━━━━━ GIVEN RECORDS
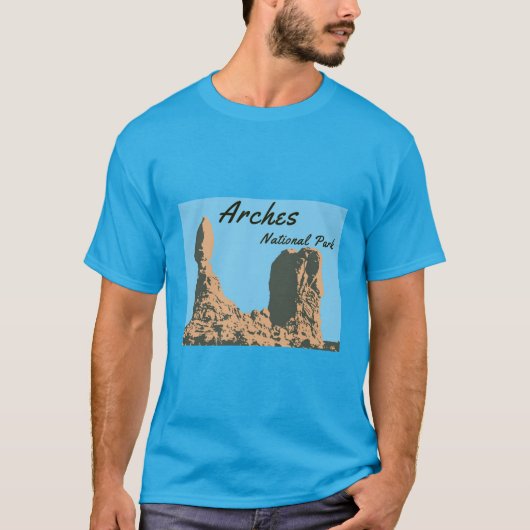 Evenwichtige rots in Arches National Park - Utah,  T-shirt (Voorkant)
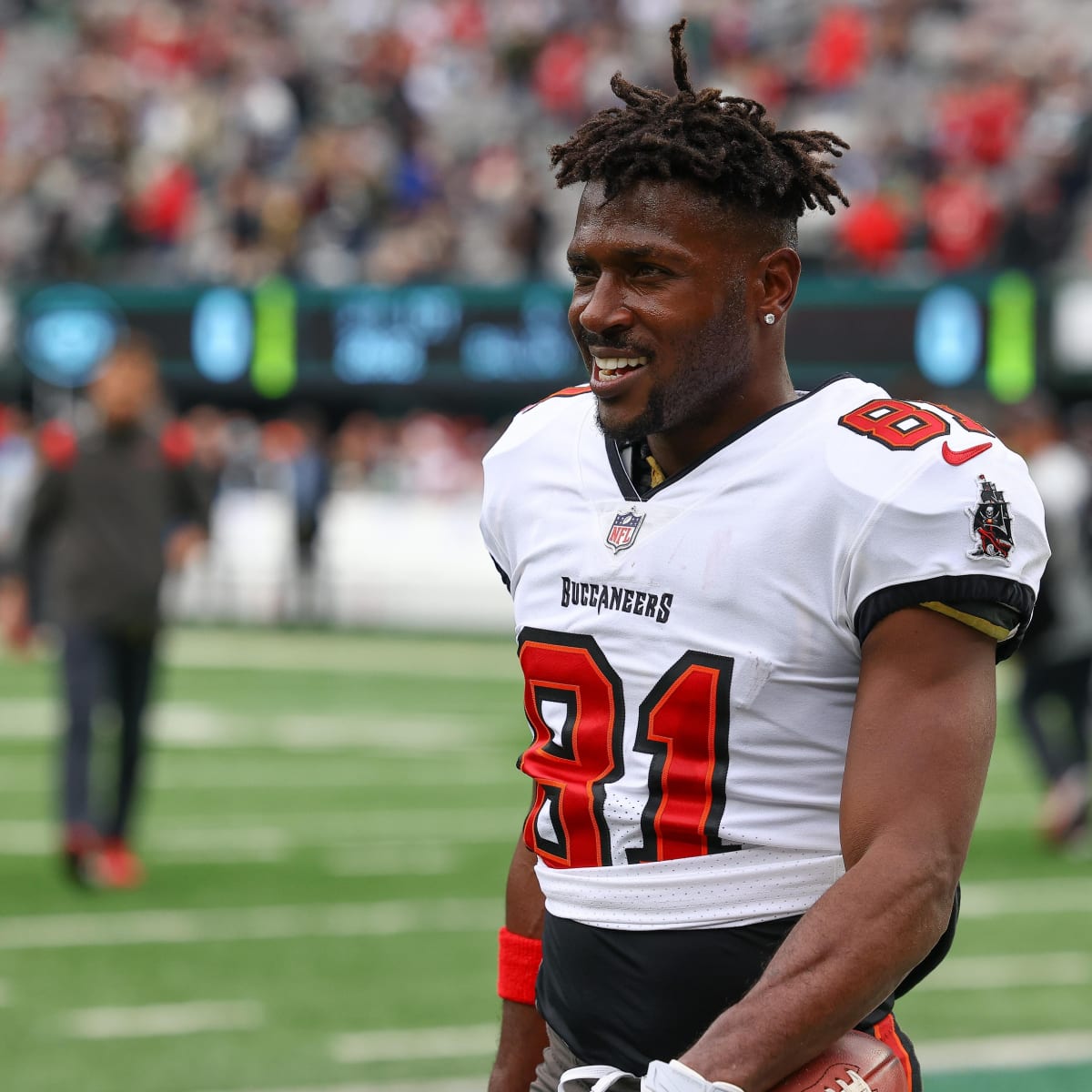 Bucs WR Antonio Brown takes off jersey, exits field shirtless vs Jets  (VIDEO) - Sports Illustrated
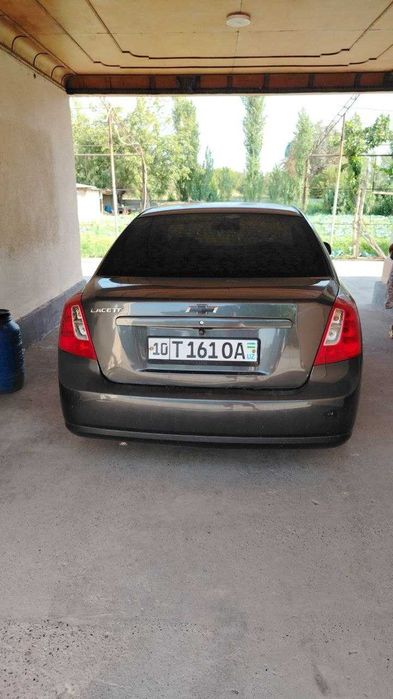 gentra sotiladi qora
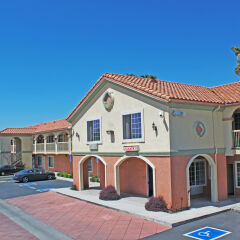 Отель Crystal Inn Suites & Spas фото 2
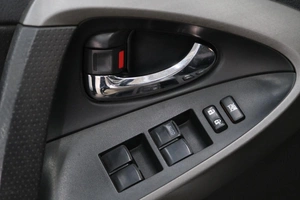 Внедорожник Toyota RAV4 2012 года, 1529000 рублей, Омск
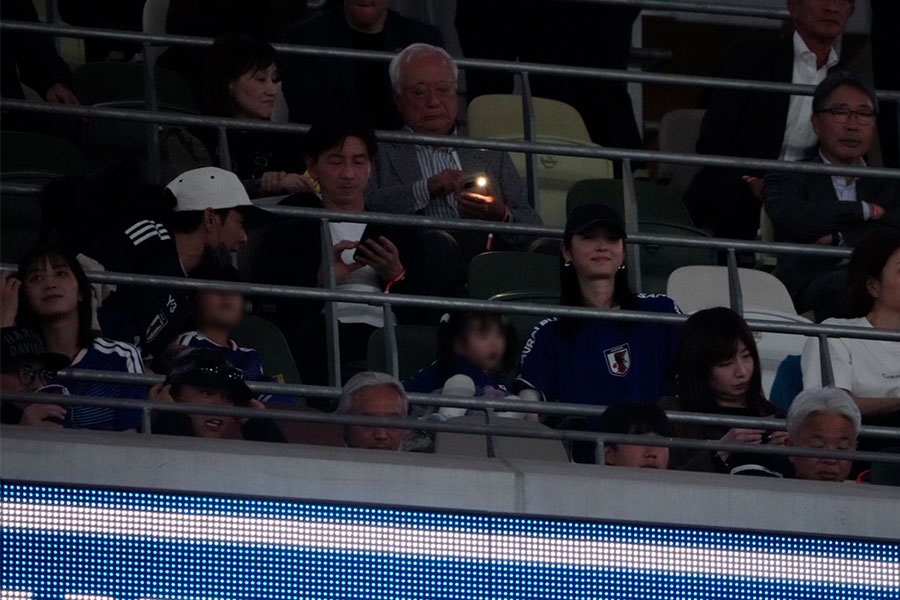 zonewebofficial's tweet photo. 渡部建と佐々木希が
夫婦で試合観戦🏟️

#サッカー日本代表 #daihyo #SAMURAIBLUE https://t.co/HKEJglroPj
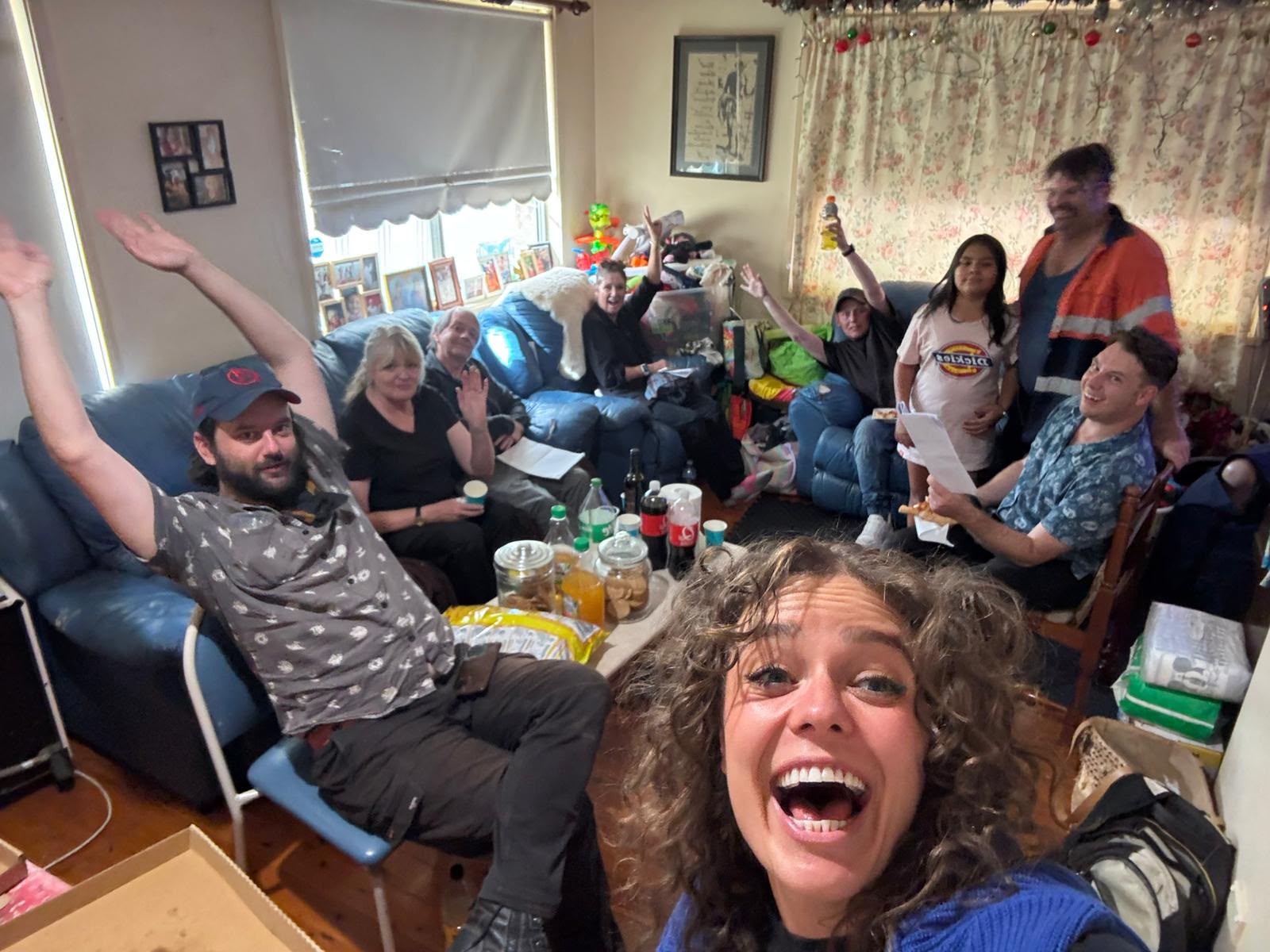 Derak & Friends cast and crew group photo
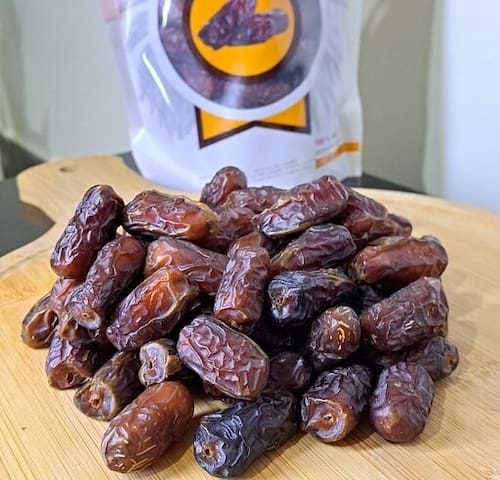 تصویر 2 از قیمت خرما پیارم درشت با کیفیت ارزان + خرید عمده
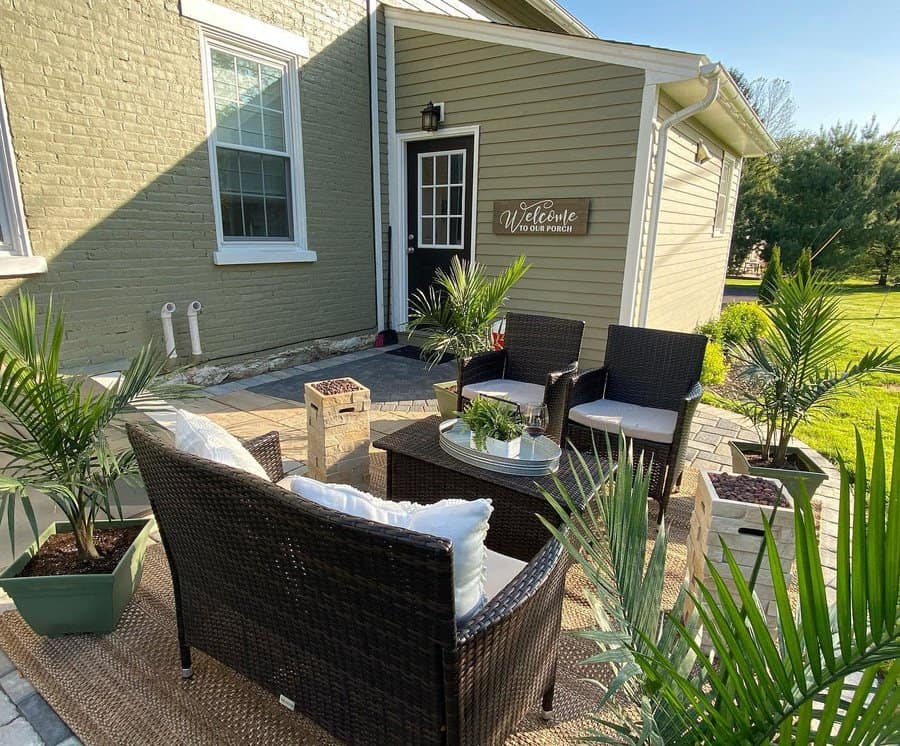 Farmhouse Patio Decor Ideas Red Barn Farmhouse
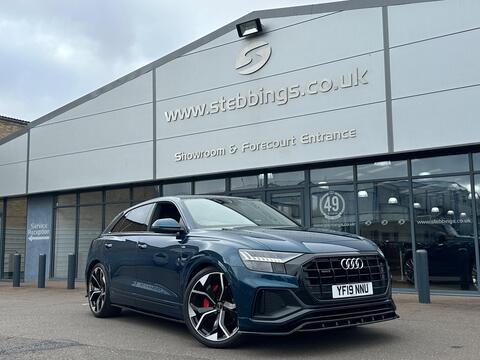 AudiQ8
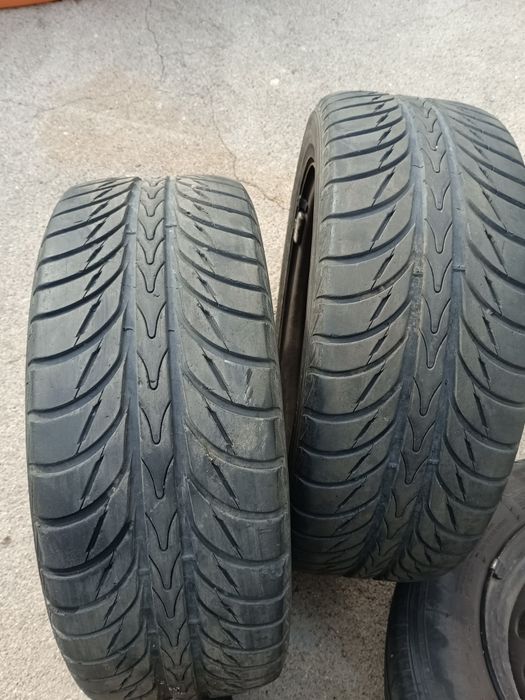 Jantes com e sem pneus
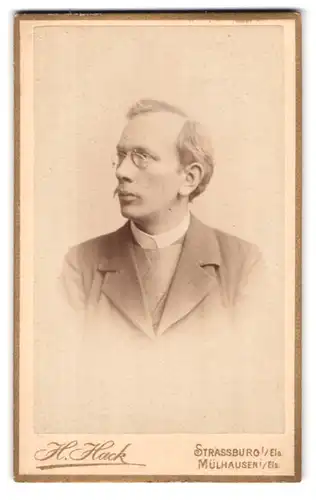 Fotografie H. Hack, Mülhausen i / Els., Illzacher-Strasse 2, Portrait junger Herr im Anzug mit Zwicker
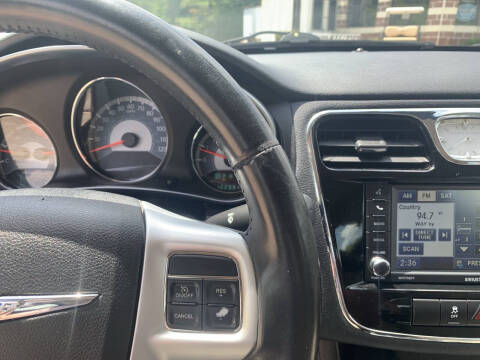 2012 Chrysler 200 Touring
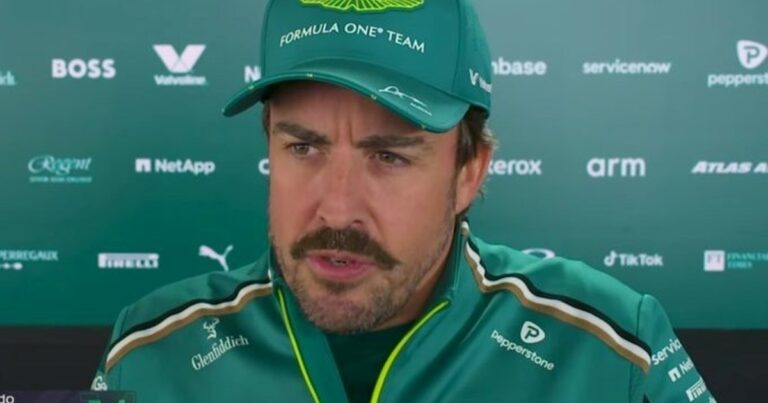 Fernando Alonso se dejó el bigote y fue furor en las redes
━━━━━━━━━━
_TASK TO COMPLETE_: Using the entries above, reproduce word for word only the lines from the one that contains "Derak & Friends cast and crew group photo" to the one that contains "Fotografie H. Hack, Mülhausen", both ends included, and drop every picture.

_RESULT_:
 Derak & Friends cast and crew group photo
 تصویر 2 از قیمت خرما پیارم درشت با کیفیت ارزان + خرید عمده
 Farmhouse Patio Decor Ideas Red Barn Farmhouse
 AudiQ8
 Jantes com e sem pneus
 Fotografie H. Hack, Mülhausen i / Els., Illzacher-Strasse 2, Portrait junger Herr im Anzug mit Zwicker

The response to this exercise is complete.